[Collection entries]
:::

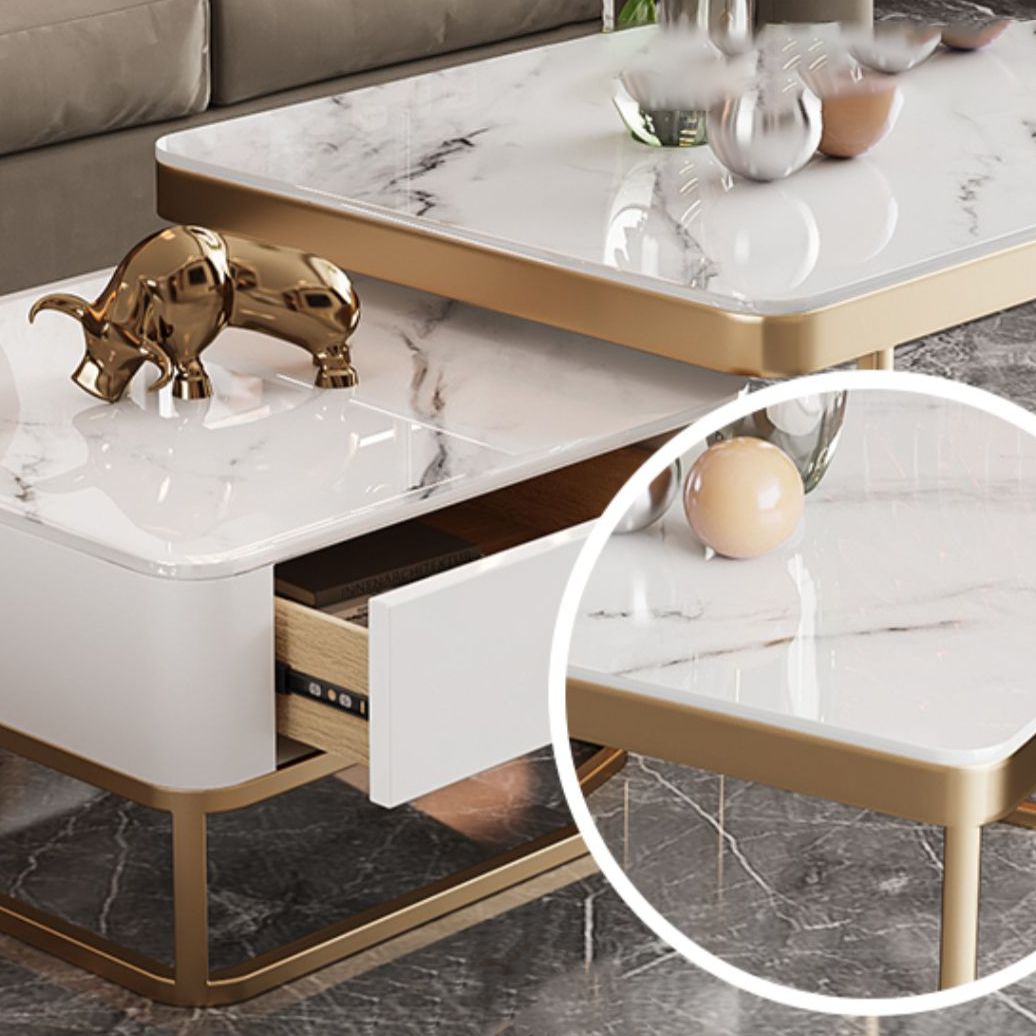 Slate Square End Table Frame Modern Coffee Table with Drawer Clearhalo 'Coffee & Accent Tables' 'Coffee Tables' 'coffee_tables' 'furn' 'furn_coffee_tables' 'Furniture' 'Living Room Furniture' 1200x1200_745a67a2-307a-42a7-b99a-6b3a103a5fd0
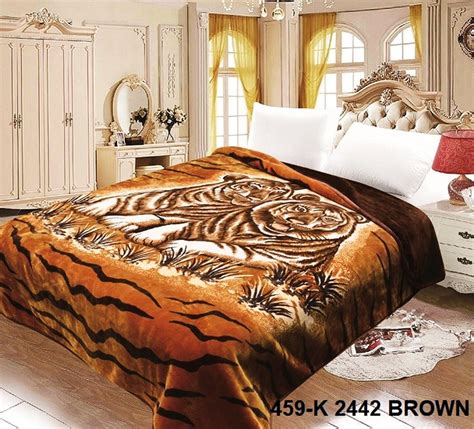 Brown Tiger Reversible Thick Heavy Winter Warm Soft Mink King Size Blanket 10 Lb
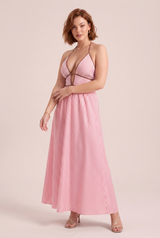 Vestido longo decote halter costas nuas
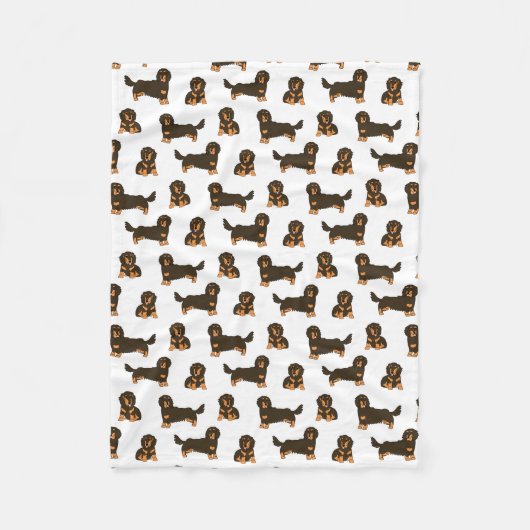 Couverture Polaire Dachshund aux cheveux longs (Devant)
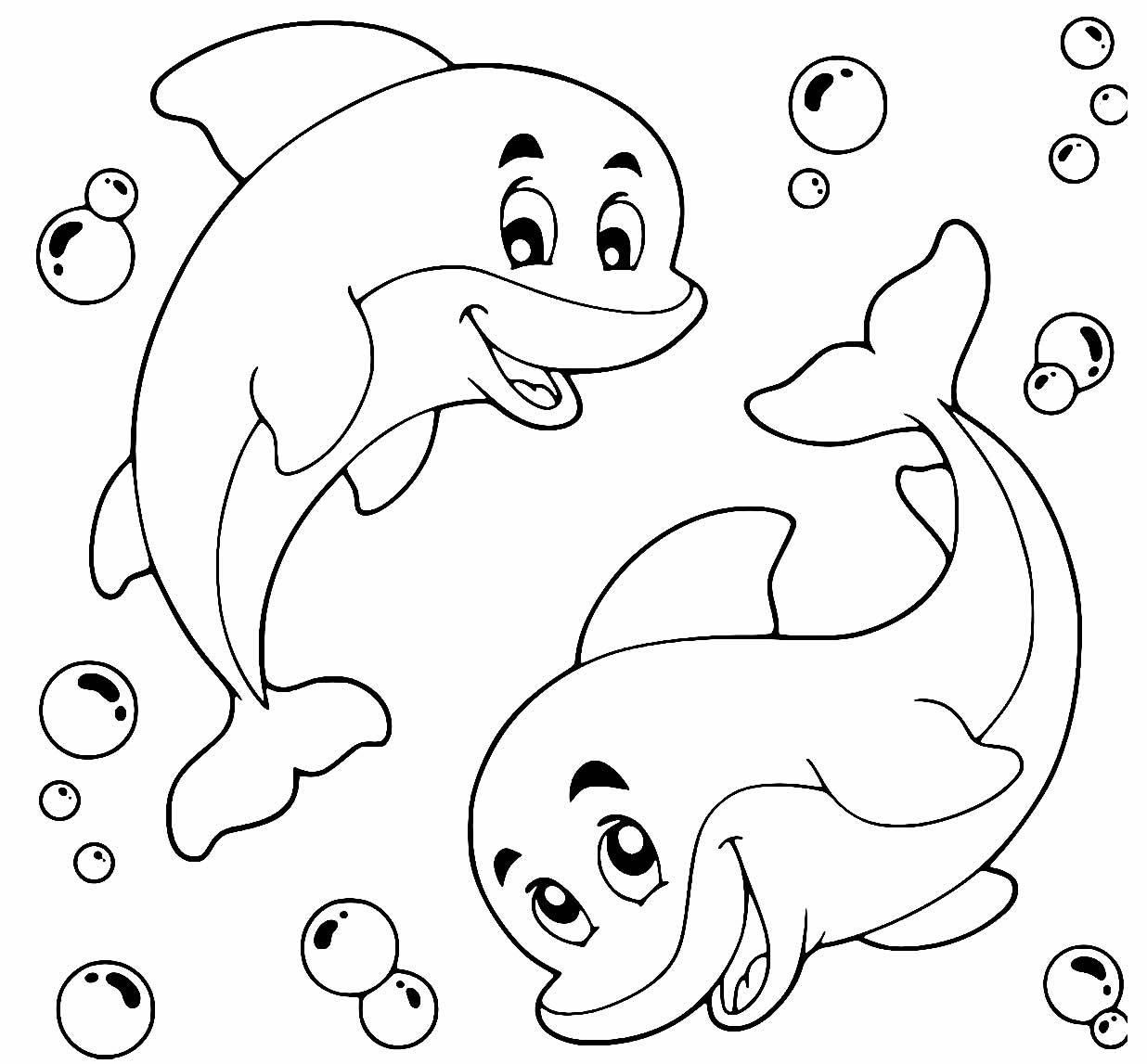 Desenho para colorir de Golfinhos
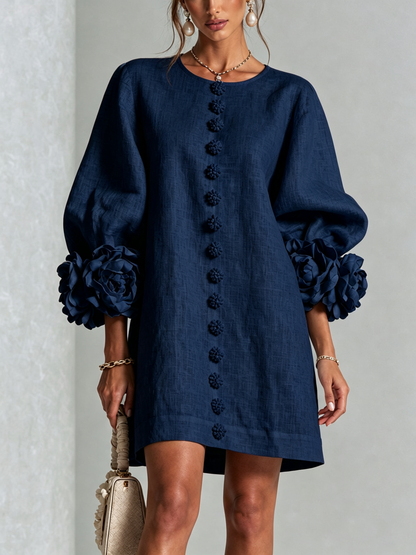 Abito Mini a Bottoni Floreali con Polsini a Rosette Vistose - Blu Navy
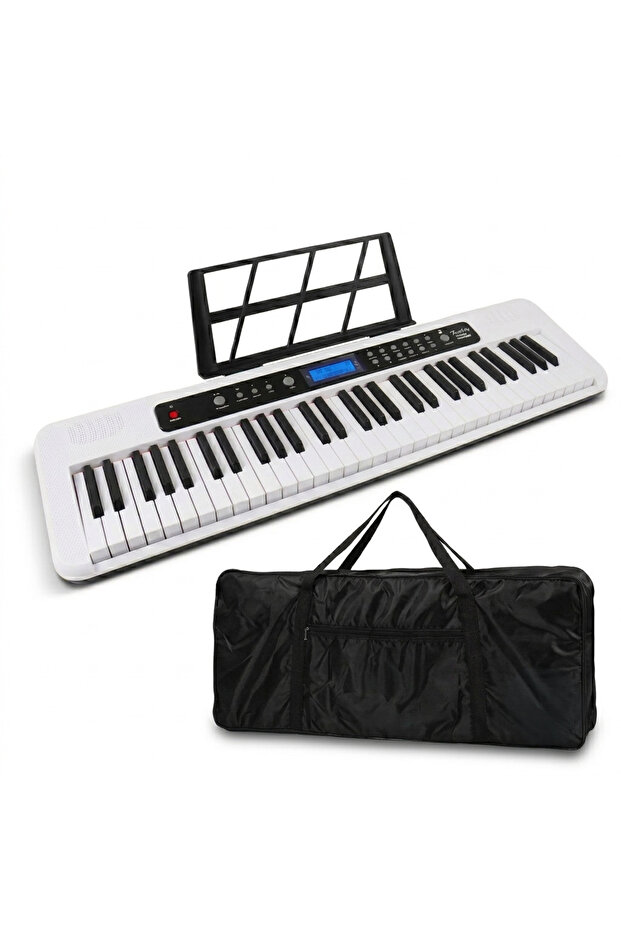Aiersi A828 Touch Response 61 Keys Beginner Keyboard Built In Lesson Functional Electronic Keyboard With Bag Model: A828 White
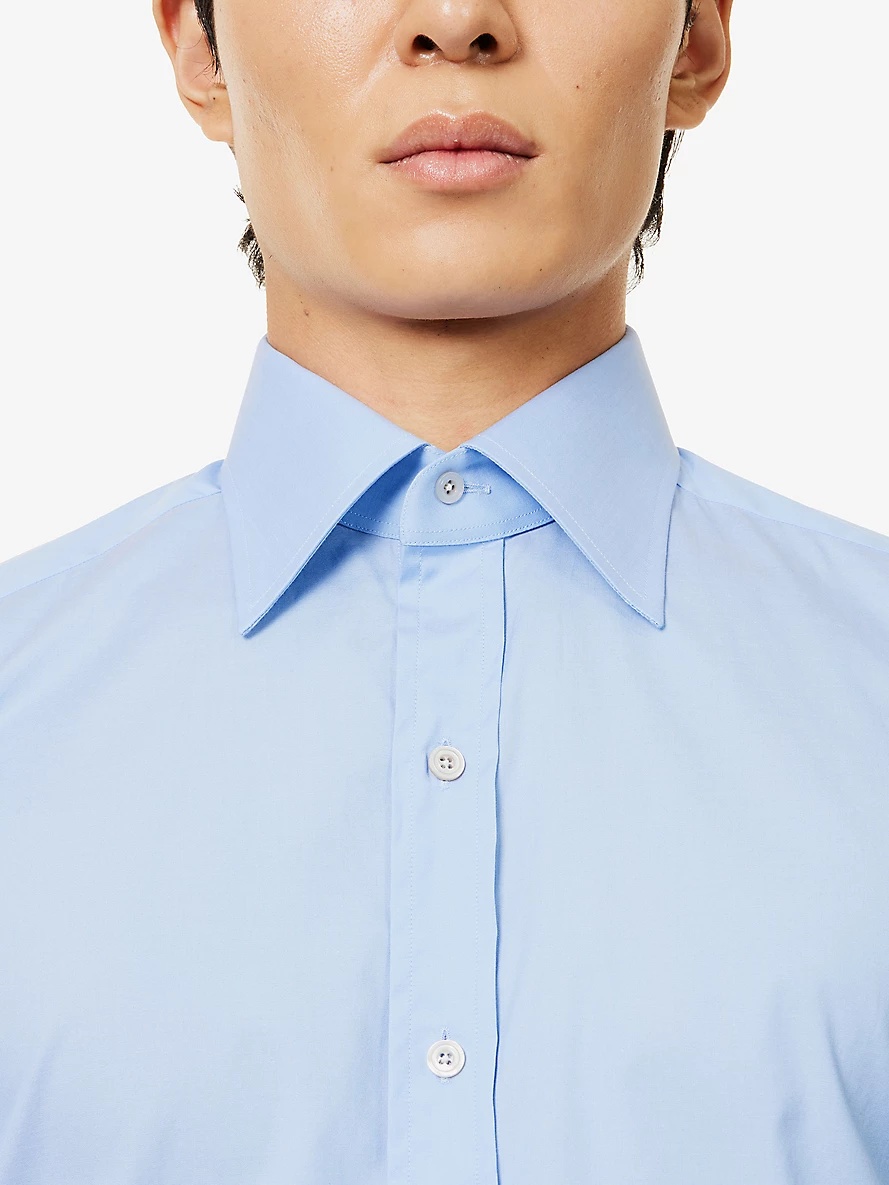 Spread-collar slim-fit cotton shirt - 5
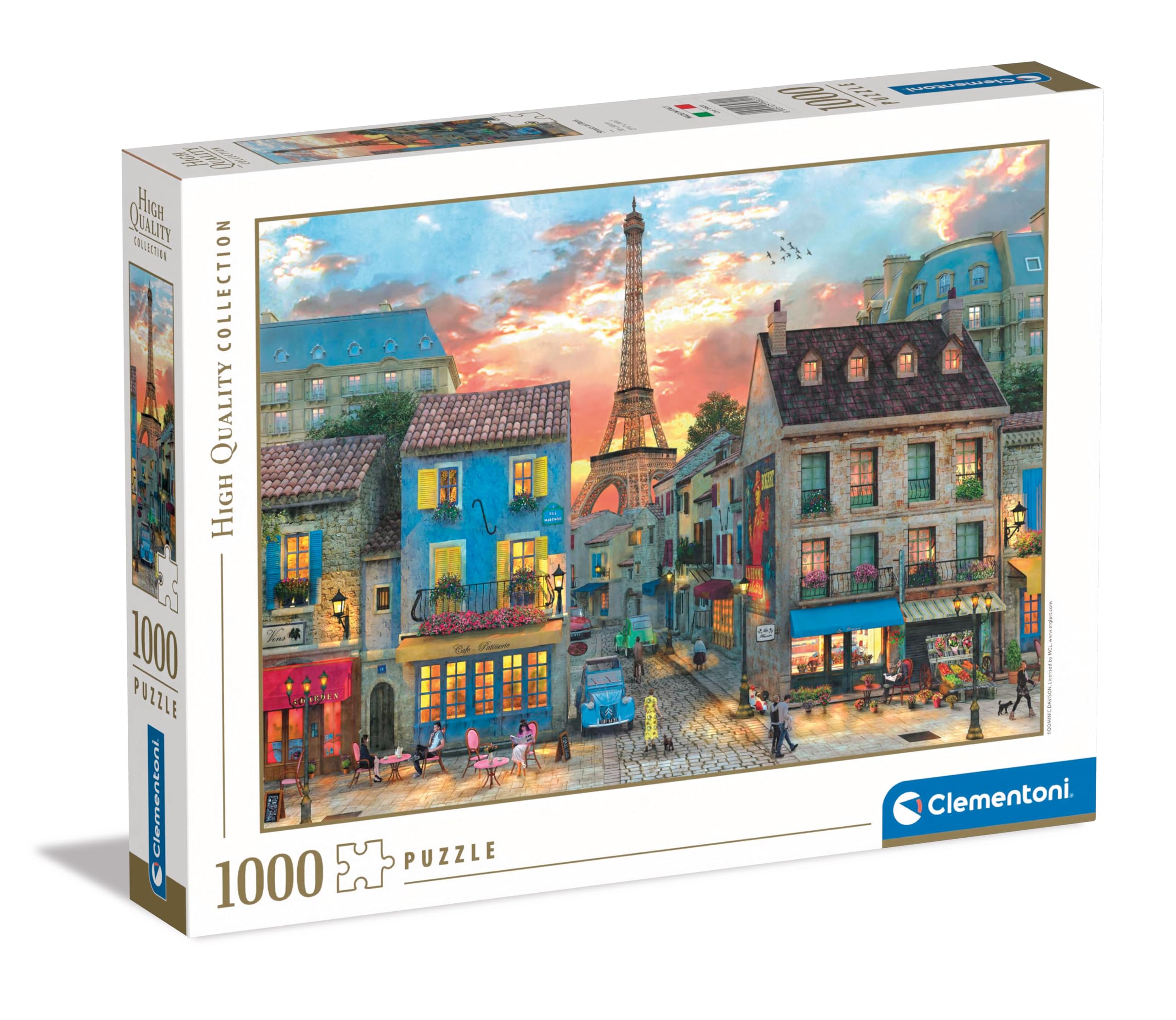 Clementoni - Streets of Paris - 1000 Piece Collection Puzzle - Adult, Horizontal, Fun for Adults - Made in Italy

:::

| WORK ITEM |
Copy the entries above exactly from the line with "Couverture Polaire Dachshund" down to their last line, both ends included. Do not copy any pictures.

| WRITTEN RESPONSE |
 Couverture Polaire Dachshund aux cheveux longs (Devant)
 Desenho para colorir de Golfinhos
 Abito Mini a Bottoni Floreali con Polsini a Rosette Vistose - Blu Navy
Aiersi A828 Touch Response 61 Keys Beginner Keyboard Built In Lesson Functional Electronic Keyboard With Bag Model: A828 White
 Spread-collar slim-fit cotton shirt - 5
 Clementoni - Streets of Paris - 1000 Piece Collection Puzzle - Adult, Horizontal, Fun for Adults - Made in Italy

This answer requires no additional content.